The referring page is the specific page that would link to you, say, one blog post reviewing retro arcade finders. The domain is the site as a whole. The distinction matters because some filters look at the page (does this exact post get read?) and some look at the domain (is this site healthy overall?).

Here is the tradeoff behind all of it: higher authority is worth more but is harder to win. Owners of strong sites get more outreach and say yes less often. Small blogs say yes more readily, but each link moves the needle less. The first setting below exists to set that tradeoff for you.

Targeting strategy

Targeting strategy is the one setting that shapes the whole run. It picks where on the authority tradeoff your prospects come from:

Small blogs

Aims at lower-authority sites. More owners reply and agree, so you win links faster, but each individual link carries less weight.

Balanced

A mix across the range. A sensible middle if you are not sure what you want yet.

High authority

Aims at stronger sites. Expect fewer yeses, but the links you do win are the valuable kind.

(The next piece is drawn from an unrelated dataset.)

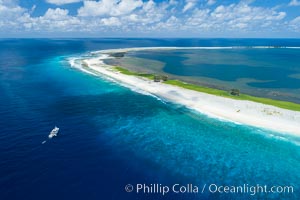 Aerial photo of M/V Nautilus Undersea at Clipperton Island.  Clipperton Island, a minor territory of France also known as Ile de la Passion, is a small (2.3 sq mi) but  spectacular coral atoll in the eastern Pacific. By permit HC / 1485 / CAB (France)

Run size and the grade filter

Run size

The prospect cap for the run: how many sites Autopilot will take through qualification. Whatever you set, the run is also capped to your remaining monthly credits, so it can never spend more than you have.

Grade filter

Which grades continue to drafting. Every qualified site gets a letter grade from A to F; this setting decides, for example, that only A and B sites get an email written, while C and below stop at Review leads.

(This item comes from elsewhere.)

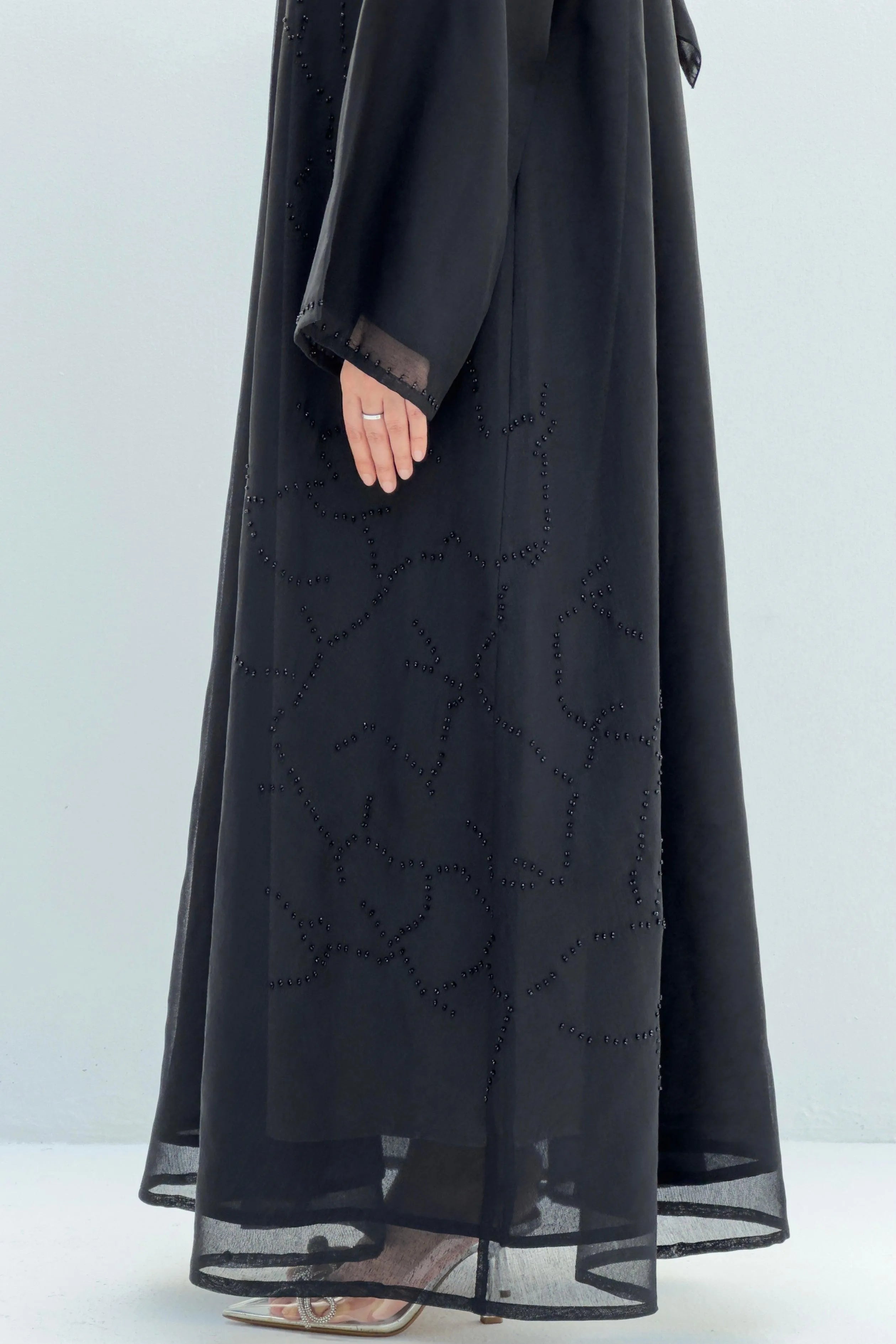 Custom Organza scatter beaded side placement black abaya - Posh Abaya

These four filters trim the prospect pool by the numbers. Each one uses the page-vs-domain distinction from the top of this article:

Authority (DR) min / max

Only keep sites whose authority falls in this range. The minimum weeds out sites too weak to help you; the maximum weeds out sites so strong they are unlikely to answer cold outreach.

Page traffic minimum

The referring page itself must get at least this much traffic. A link only sends visitors if the page it sits on actually gets read.

Domain traffic min / max

The site as a whole must fall in this traffic range. A floor filters out ghost towns; a ceiling filters out giants that rarely reply.

Max outbound links

Skip pages that already link out to too many places. A page with hundreds of outbound links passes little value to any one of them, and it is a common shape for link farms.

Exclusions

Exclusions remove whole categories of sites from the run before they cost anything. The spam-type exclusions are on by default:

Institutional sites (.gov / .edu)

Government and university pages. Their links are prized, but they almost never respond to cold outreach, so most runs are better off without them.

Very large sites

Sites with over roughly 1,000 referring domains. At that size, one more inbound request rarely gets a reply.

Link farms and PBN-looking sites (default on)

Sites that appear to exist mainly to host links. A link from one can hurt more than it helps.

Forums and directories (default on)

Pages where anyone can post a link. There is usually no owner to email and no editorial link to earn.

Pages in other languages (default on)

Outreach written in English to a page written in another language rarely lands.

Templates and budget

Template selection

Pick a specific template for the run's emails, or leave it on auto-assign and let HeyLinks choose per prospect. For most prospects the smart generator writes the email from scratch, so auto-assign is the usual choice.

Per-run budget (optional)

A dollar cap on the underlying data pulls for this run. If the run would cost more than your cap, it stops at the cap. Useful if you want a hard ceiling on spend per run.

Sensible defaults

The defaults are good, and the best first run is usually the one you do not tune. If you want to touch anything, touch these two first:

  • Targeting strategy, because it sets the authority tradeoff for the whole run. Start with balanced, then lean small-blogs if you want faster wins or high-authority if you want fewer, stronger links.
  • Grade filter, because it decides how picky drafting is. Tighten it to A and B if you would rather send fewer, better emails.
When in doubt, leave it alone
Every other filter exists for a specific situation. Until a run gives you a reason to reach for one, the defaults will serve you well.